# What this task involves
In the listing that follows, locate the line containing "Harshad - Acompañantes masculino in Noida" and the line containing "준비된사람들 페어피스 썸네일". Retype exactly those two lines and every line between them, and nothing more.

Segment Start: Recorded data

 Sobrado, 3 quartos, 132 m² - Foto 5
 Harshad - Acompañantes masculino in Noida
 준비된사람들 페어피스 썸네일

Segment End: Recorded data
Segment Start: Recorded data

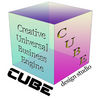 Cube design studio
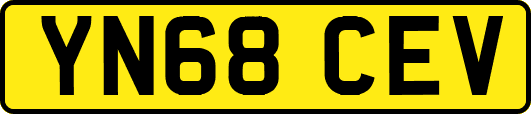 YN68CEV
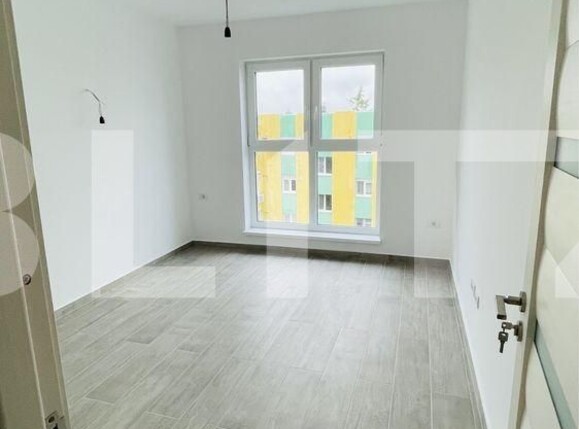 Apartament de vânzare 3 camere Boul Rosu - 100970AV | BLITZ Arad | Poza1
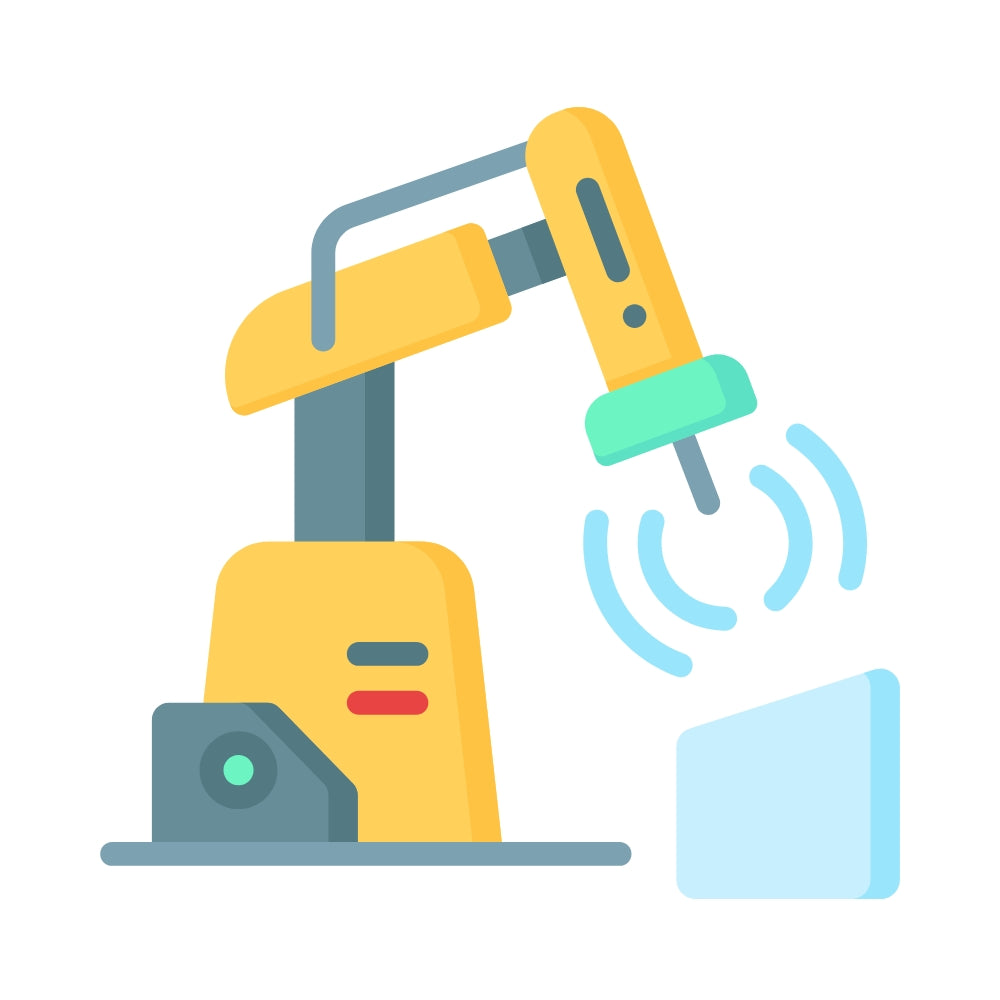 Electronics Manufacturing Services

Segment End: Recorded data
Segment Start: Recorded data

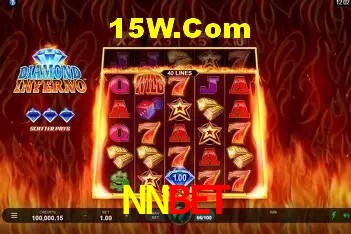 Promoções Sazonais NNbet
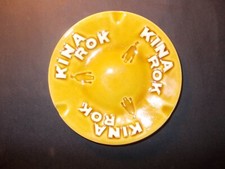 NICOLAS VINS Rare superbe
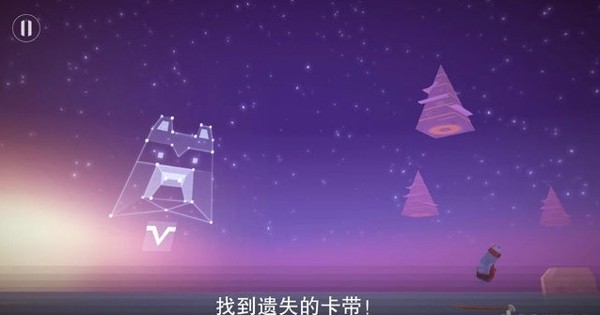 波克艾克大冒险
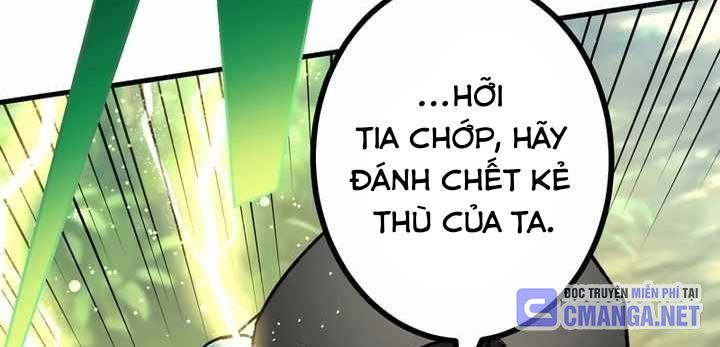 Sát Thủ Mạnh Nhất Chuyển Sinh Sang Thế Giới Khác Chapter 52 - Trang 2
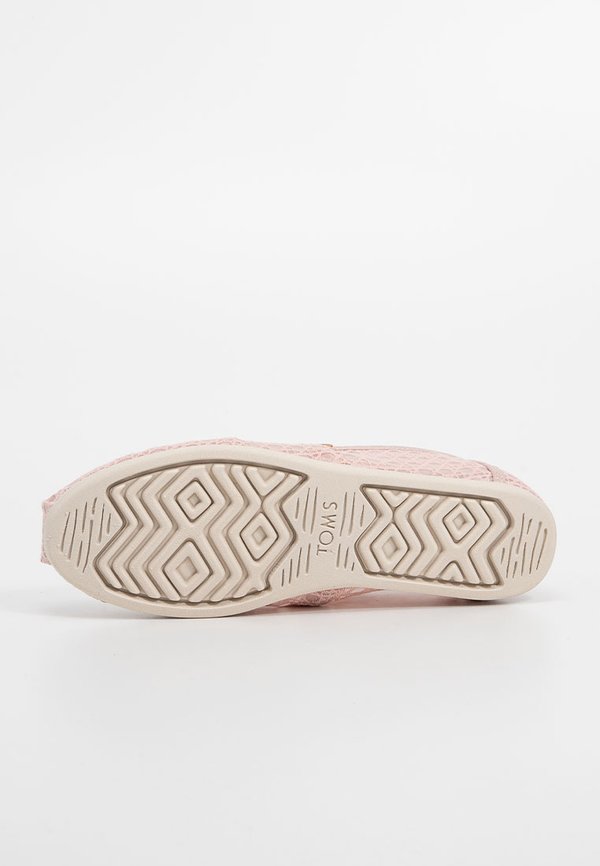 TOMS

Segment End: Recorded data

# Exercise solution
 Harshad - Acompañantes masculino in Noida
 준비된사람들 페어피스 썸네일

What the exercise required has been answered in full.